Margin Notes: The Clasp


Side note: Before you read this review, I want to encourage you to join me on a reading challenge this year! Whether you challenge yourself to read 1 book, 2 books, 6 books, 12, 26 or 52 it's fun to have a goal and to track your reading against it. 

I know some people who challenge themselves to read a certain number of pages (so true, you can read a picture book or Anna Karenina and both count as one... but I kind of love that about my challenge :)). As an avid Goodreads user, I love their challenge and tracking tool (you can find it here). Will you join me? How many books do you plan to read in 2016?

I'm going for a healthy 52 books this year! (I read 54 in 2015 so it seems attainable). 

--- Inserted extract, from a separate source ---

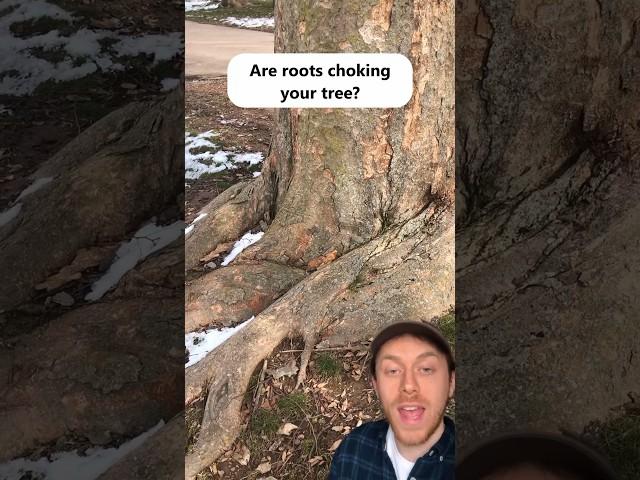These can choke your tree! #arborist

Now for your main attraction:




The Clasp 

by Sloane Crosley


Kezia, Nathaniel, and Victor are reunited for the extravagant wedding of a college friend. Now at the tail end of their twenties, they arrive completely absorbed in their own lives—Kezia the second-in-command to a madwoman jewelry designer in Manhattan; Nathaniel, the former literary cool kid, selling his wares in Hollywood; and the Eeyore-esque Victor, just fired from a middling search engine. They soon slip back into old roles: Victor loves Kezia. Kezia loves Nathaniel. Nathaniel loves Nathaniel.

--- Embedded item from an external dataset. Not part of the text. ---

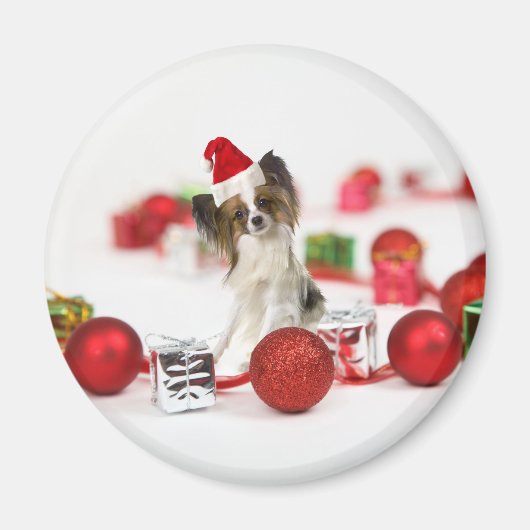 かわいいパピヨン犬のクリスマスサンタ帽子 マグネット (正面)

In the midst of all this semi-merriment, Victor passes out in the mother of the groom’s bedroom. He wakes to her jovially slapping him across the face. Instead of a scolding, she offers Victor a story she’s never even told her son, about a valuable necklace that disappeared during the Nazi occupation of France.

And so a madcap adventure is set into motion, one that leads Victor, Kezia, and Nathaniel from Miami to New York and L.A. to Paris and across France, until they converge at the estate of Guy de Maupassant, author of the classic short story The Necklace.

Heartfelt, suspenseful, and told with Sloane Crosley’s inimitable spark and wit, The Clasp is a story of friends struggling to fit together now that their lives haven’t gone as planned, of how to separate the real from the fake. Such a task might be possible when it comes to precious stones, but is far more difficult to pull off with humans.

My rating: 3 of 5 stars

I love Sloane Crosley's essays so was excited to pick this piece of fiction up. While I didn't love it quite as much as her (hilarious, witty, insightful) essays, it was a fun, if not memorable, read.

It's perfect for a beach or vacation--there's mystery, the characters aren't stereotypes, there's a bit of a peak into the lives of the wealthy, but the most interesting part of this book was the relationships. Basically, a group of college friends get together for a wedding. Victor has recently lost his job and compares himself to his friends and finds himself lacking. Kezia is working for a jewelry designer who she doesn't quite believe in, but feels trapped by. Nathanial was the golden child, playboy, who everyone thought would continue to live his charmed life, but he's not successful in LA as a script writer, though he's trying to project his usual charm and affability. Their friendships are old and solid, but they've changed since college and it's those relationships that are interesting (in my opinion, more so than the actual, somewhat predictable plot)--how do they maintain friendship post-college when they're veneers have started to crack? How to they fit together and what do they mean for each other?